黒木瞳“完脱ぎ”映画『化身』~宝塚トップ女優の微乳フルオープンに震撼!

化身 

作品目『化身』

東映 1986年 DVD発売中
監督/東陽一
出演/黒木瞳、藤竜也、阿木耀子、淡島千景、三田佳子、梅宮辰夫ほか

公開中の波瑠、成田凌主演のラブ・ストーリー『弥生、三月-君を愛した30年-』で、成田の母親役、東日本大震災に遭っても頑張ろうとする小さな食堂の〝肝っ玉母さん〟を演じている黒木瞳。今年還暦のせいか、近年はすっかり落ちついた役柄が多くなってしまったが、かつては大いにセクシーさを発散していた。『失楽園』(97年)と並び称されるエロス代表作といえば、この作品だろう。とにかく、黒木が信じられないくらい脱いでくださるのだから!

銀座のホステス・霧子(黒木瞳)は、大学教授で文芸評論家の秋葉(藤竜也)と付き合うようになる。やがてホステスを辞め、高級マンションを与えられ、ますます〝秋葉の女〟となり、性的にも開発されてゆく。それと同時に霧子はブティックを開き、自立への道を探るのだが…。

 

黒木は「脱ぎ過ぎ」と評された

この当時、黒木は26歳。それまで宝塚のトップ女優の座に君臨していたとはいえ、映画の本格出演はこれが初めてで、映画界ではまだ駆け出し扱い。原作が渡辺淳一、監督が『ラブレター』(81年)、『マノン』(81年)などの東陽一。ともに官能描写には定評のある巨匠だけに、黒木としてもまな板の上の鯉の気持ちで〝脱ぎ〟の覚悟を決めたのだろう。公開時、女性の評論家に「脱ぎ過ぎ」と評されたのもうなずける。

確かに、冒頭間もなくから〝全裸攻勢〟が凄まじい。まだ、ホステスとしても女としても発展途上のこのヒロイン。店外デートでホテルに直行し、ブラを外された黒木の小ぶりな乳房が早くもあらわに。おお、これが宝塚トップ女優のおっぱいかと、このころ興奮したものだ。巨乳ファンには物足りないだろうが、微乳マニアや乳房以外にこだわる人にはオススメ。暗がりの中、彼女の乳首をなめ回し〝開発〟に余念がない藤は〝濡れ場巧者〟の面目躍如だろう。

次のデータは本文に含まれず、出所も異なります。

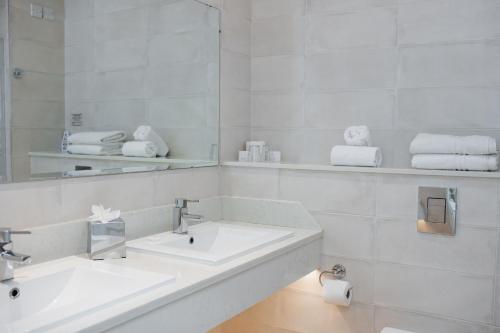 a white bathroom with two sinks and a mirror at Killeen House Hotel in Killarney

続いて、貸し切り状態の屋形船の酒席で、藤に「裸を見せてくれ」と頼まれ、静々とストリップしてゆく黒木。その微乳を「キレイだよ」と褒められ、股間に手を伸ばされ〝指マン状態〟にされると、さすがに喘ぎ悶える。しばらくインターバルを置いたセックスでは、おあずけ状態で興奮した藤に全裸に剥かれ、後ろ姿、横向きなど黒木の裸体を余すところなく拝める。すでに開発された黒木も積極的に自ら上に乗る騎乗位スタイル。エレクトした両乳首を揺すって、腰を激しくグラインド、乳房をつかまれ「アア~ン」という悩ましい声ともに果てる。この長めのワンカット・シーンはド迫力で生々しい。

黒木の〝還暦ヌード〟も拝みたいものだが、やっぱり無理か。